Réunion du jeudi 1er octobre 2020 à 15h00
Commission des affaires économiques

Photo issue du site de l'Assemblée nationale ou de WikipediaLaure de La Raudière :

Madame la rapporteure, je vous remercie, au nom du groupe Agir ensemble, de nous donner l'occasion de débattre du développement du e -commerce et de la défense du commerce de proximité. C'est un sujet dont on débat trop rarement alors qu'il est très important, puisqu'il concerne la société de consommation dans laquelle nous vivons, une société caractérisée par la volonté de pouvoir acheter tout et n'importe quoi à tout moment, d'avoir accès à un vaste catalogue de services et de pouvoir se dépanner facilement en se procurant, par exemple, des outils ou des éléments de bricolage assez complexes sans avoir à parcourir des kilomètres, surtout lorsqu'on vit à la campagne. C'est aussi l'avenir de nos centres-bourgs qui est en jeu, lorsque nos commerces de proximité disparaissent et qu'il ne reste plus qu'un boulanger, parfois un boucher.

Vous dites que le modèle économique d'Amazon est destructeur pour l'emploi. C'est vrai, globalement, mais on pourrait dire la même chose d'un grand nombre des évolutions qui marquent nos sociétés : nombre d'entre elles détruisent des emplois, mais elles en recréent d'autres à côté. Autrement dit, le bilan global mérite d'être examiné avec un peu plus de recul.

Vous dites que ce modèle est destructeur pour les droits des salariés. Il est vrai que les conditions de travail chez Amazon ont suscité des débats, mais le même droit du travail s'applique, en France, pour Amazon et pour le commerce de proximité. Et, au bout du compte, le droit du travail est souvent plus efficacement appliqué dans les grands groupes, du fait de l'intervention des syndicats ou de l'implication de la direction régionale des entreprises, de la concurrence, de la consommation, du travail et de l'emploi (DIRECCTE), même si je n'ignore pas qu'il a pu se produire des scandales, notamment celui qui a été jugé par le tribunal judiciaire de Nanterre.

On ne peut donc en rester, sur le e -commerce, à un jugement à charge.

J'en viens maintenant au moratoire, mesure phare de votre proposition de loi.
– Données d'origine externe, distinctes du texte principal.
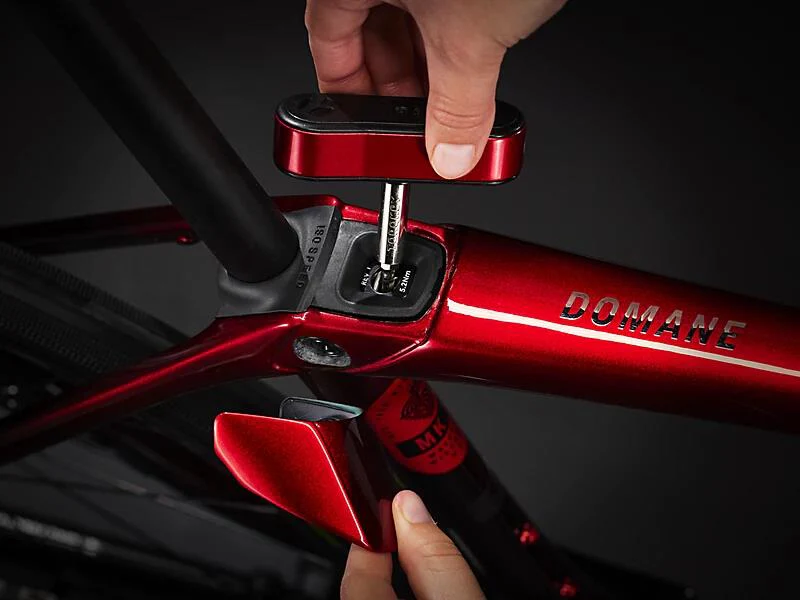 Domane SLR 9 eTap Gen 4 Metallic Red Smoke to Red Carbon Smoke - Image 9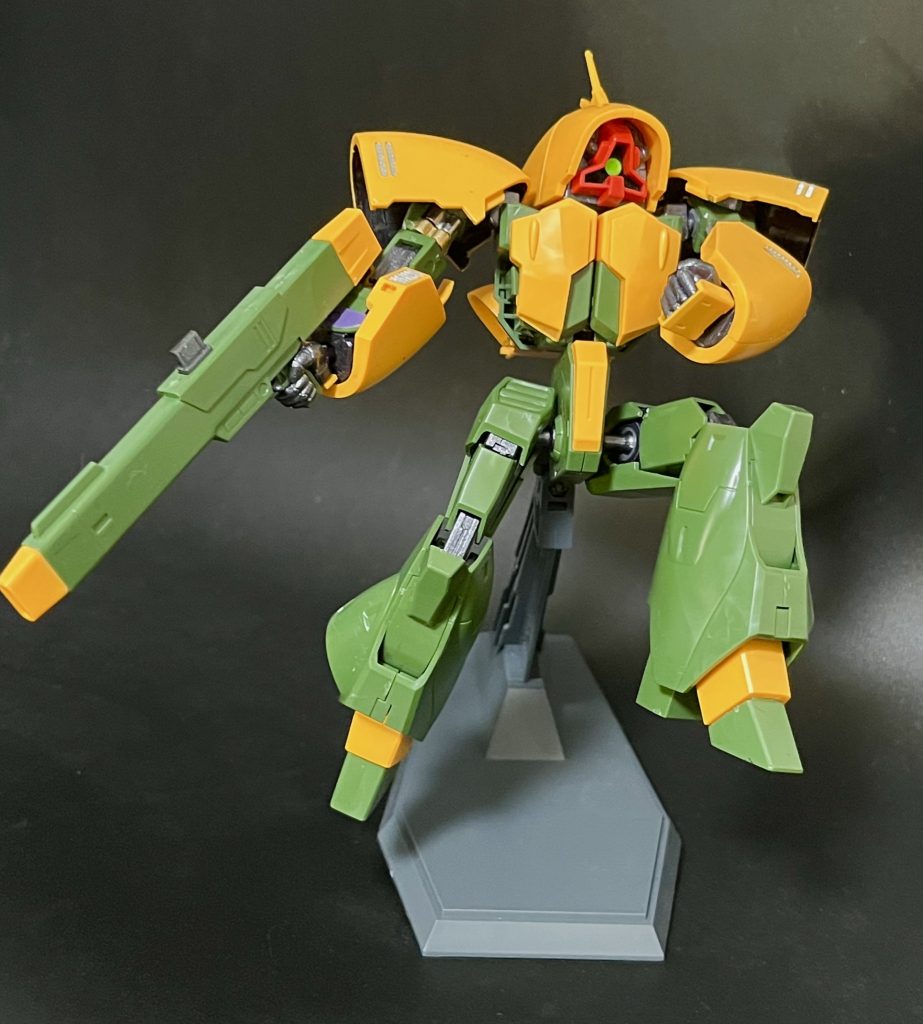 まずはさっそく素組みから。今回内部フレームにあたるパーツはあらかじめガンメタを吹いておいて、組みながら外装の排気口（？）のようなところはシルバーで部分塗装していきました。組んでからガチャガチャ分解して破損みたいなことをいつもやらかしてたのでそういった心配なくスムーズに製作できたので完成像がイメージできてるなら今後も積極的にやっていきたいですね、少しずつガンプラ製作が慣れてきた実感がします。成型色も綺麗なのでこのまま今回は組みましたが、黄色も緑ももう少し濃いものでもかっこよかったかも、次があれば是非全塗装にチャレンジしてみたいですね。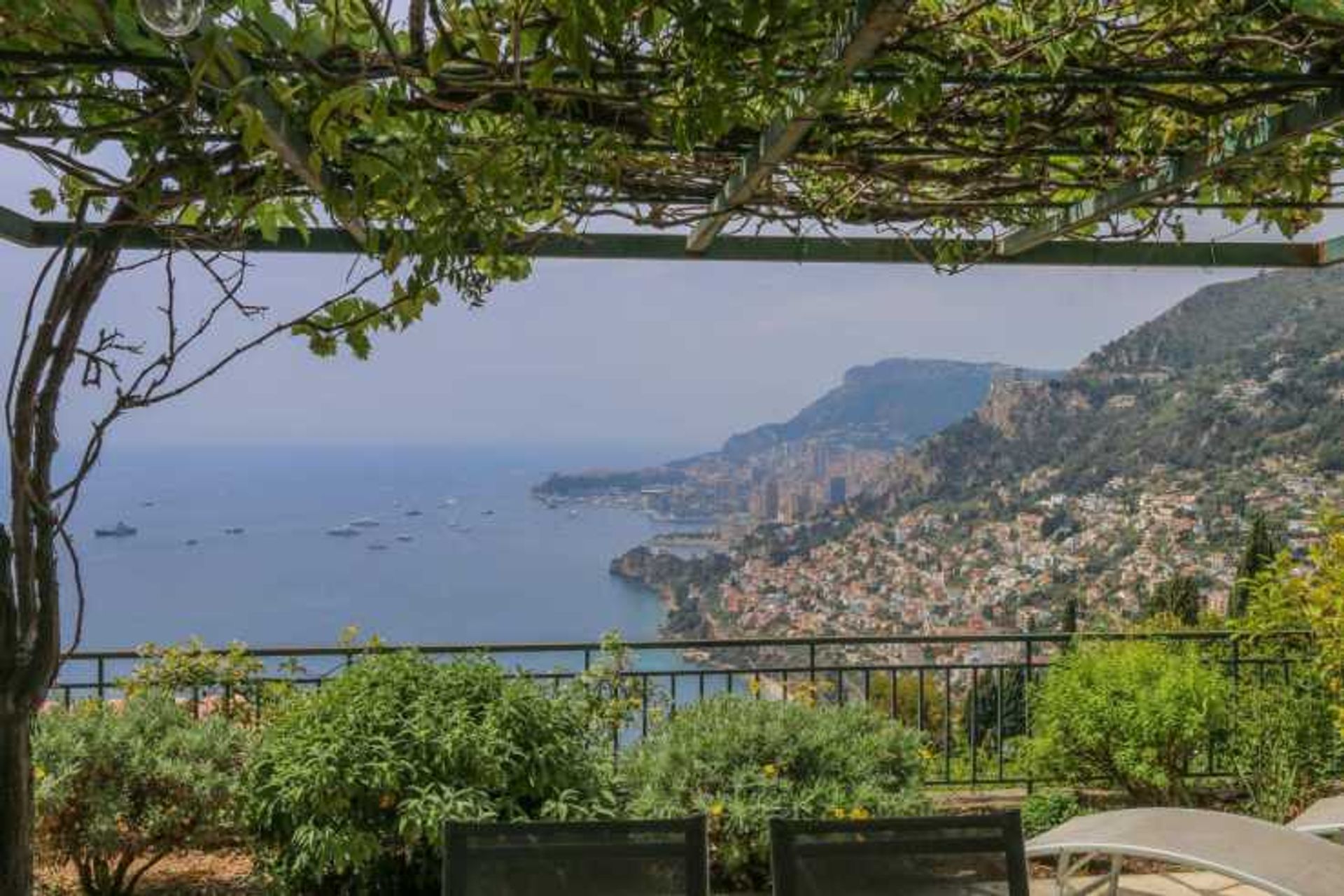 Talo sisään Cap Martin, Provence-Alpes-Cote d'Azur 10836353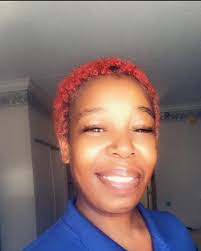 Can yall put the woman in purple with my Memaw in the white and make it  look special. She passed away and they had no pictures together. Thank you  🩵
Je crois sincèrement que cela va tomber « à côté de la plaque ». Pour commencer, c'est une interdiction de plus, qui va encore entraver le développement des activités en France : d'une façon générale, je n'y suis pas favorable. Avec un moratoire, les grands entrepôts vont continuer de se construire, mais à nos frontières : nous aurons donc plus de camions sur nos routes. Peut-être aurait-on pu l'instaurer plus tôt, mais maintenant que nous sommes entrés dans la société du e -commerce, c'est trop tard : les gens vont continuer à acheter en ligne, ils vont continuer à acheter sur Amazon et Alibaba, que l'on vote ou non cette proposition de loi. Il y aura davantage de camions sur nos routes et moins de protection pour les salariés qui travailleront dans ces entrepôts à l'étranger. Et cela n'aura finalement aucun effet positif sur le commerce de proximité.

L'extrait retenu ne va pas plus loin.